__Given information__.
━━━━━━━━
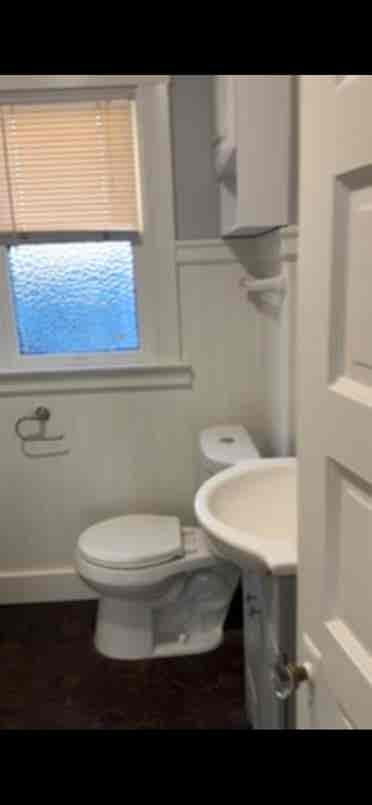 bath house apt w/ backyard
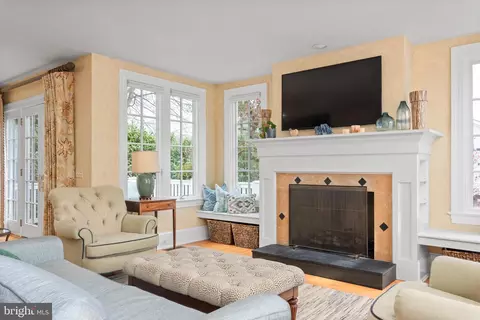 Living - 8 N Acton Pl, Annapolis, MD 21401 photo 9 of 9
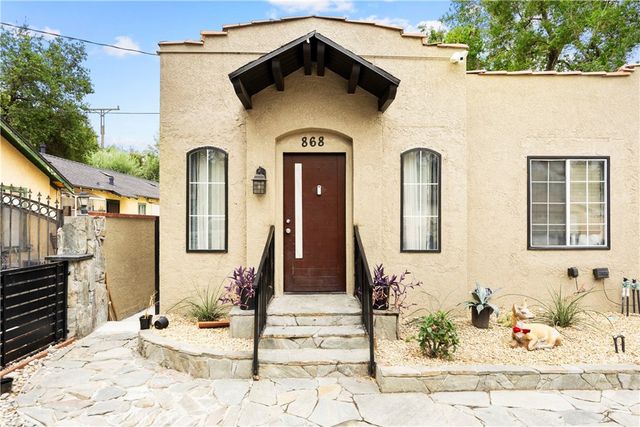 868 W Calaveras, Altadena, CA 91001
━━━━━━━━
__Work to be completed__. Without the pictures, give every line above again exactly.

__Output of the exercise__.
 bath house apt w/ backyard
 Living - 8 N Acton Pl, Annapolis, MD 21401 photo 9 of 9
 868 W Calaveras, Altadena, CA 91001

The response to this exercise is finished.